INSTRUCTIONS FOR THE TASK: Go to the line that contains "Poster - Male" in the listing below, then output it and every line after it exactly, omitting pictures.

PROVIDED DATA:
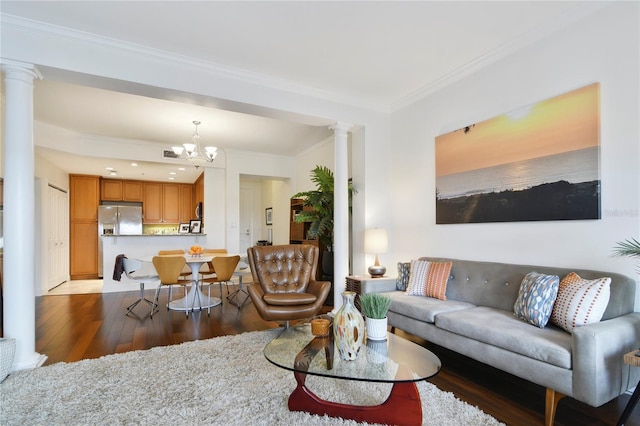 2305 Edgewater Dr Unit 1613, Orlando, FL 32804 - living area with ornate columns, dark wood-style flooring, crown molding, and a chandelier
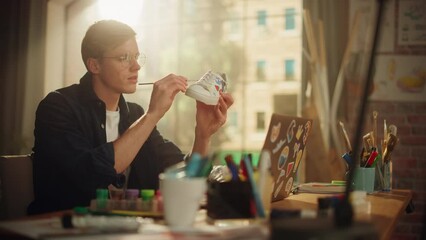 Poster - Male Teen Designer Use Paints and Brush While Draw with Inspiration at the Shoes. Millennial Artist Create Custom Made Pair of Sneakers. Next Generation and Trendy Eco Design Concept. Slow Motion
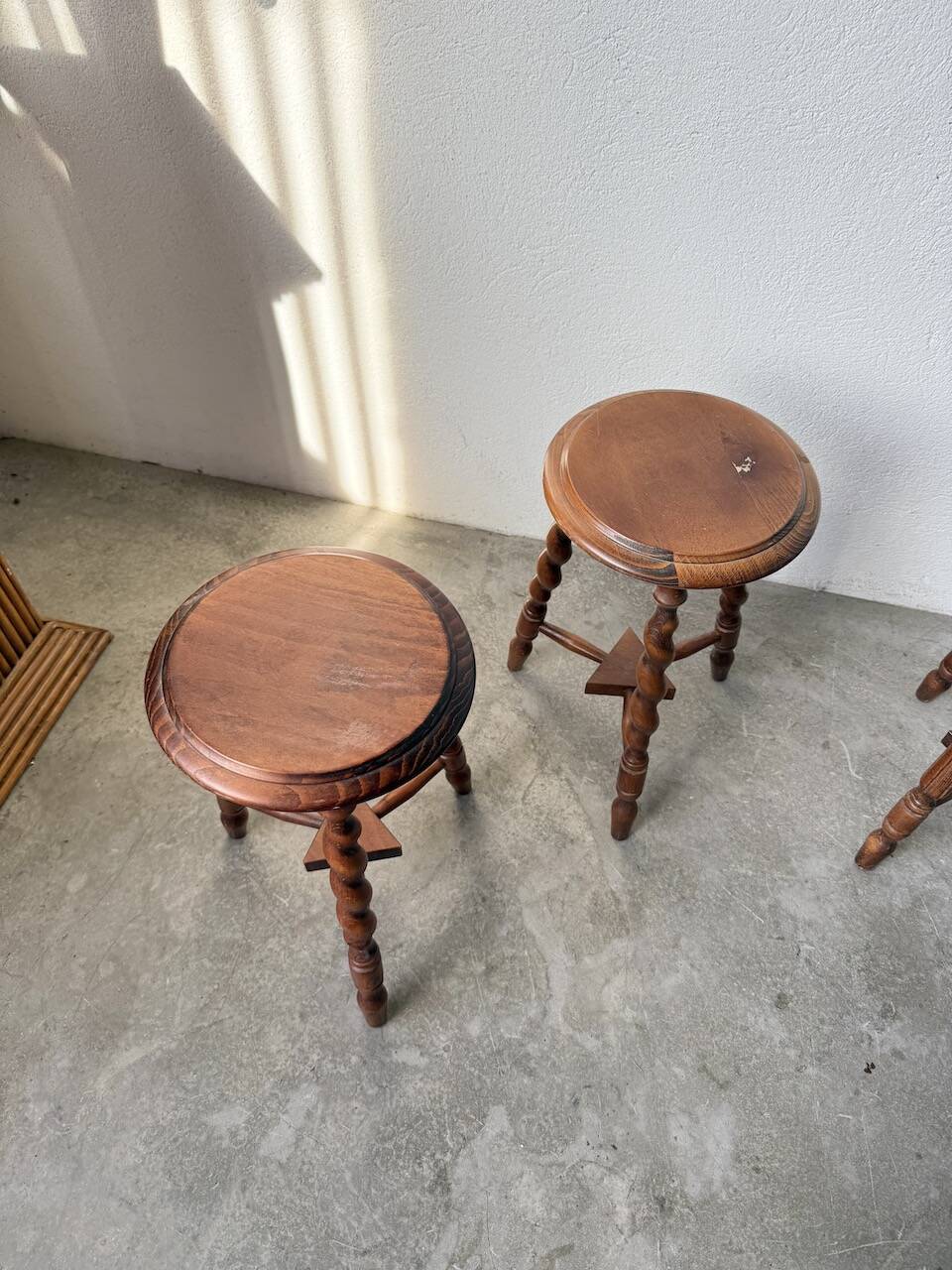 Set of 4 turned oak stools.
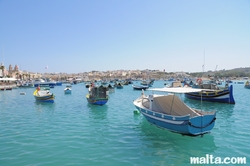 Boats and luzzu in the blue water of Marsaxlokk harbour Boats and luzzu in the blue water of Marsaxlokk harbour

ANSWER TO THIS TASK:
 Poster - Male Teen Designer Use Paints and Brush While Draw with Inspiration at the Shoes. Millennial Artist Create Custom Made Pair of Sneakers. Next Generation and Trendy Eco Design Concept. Slow Motion
 Set of 4 turned oak stools.
 Boats and luzzu in the blue water of Marsaxlokk harbour Boats and luzzu in the blue water of Marsaxlokk harbour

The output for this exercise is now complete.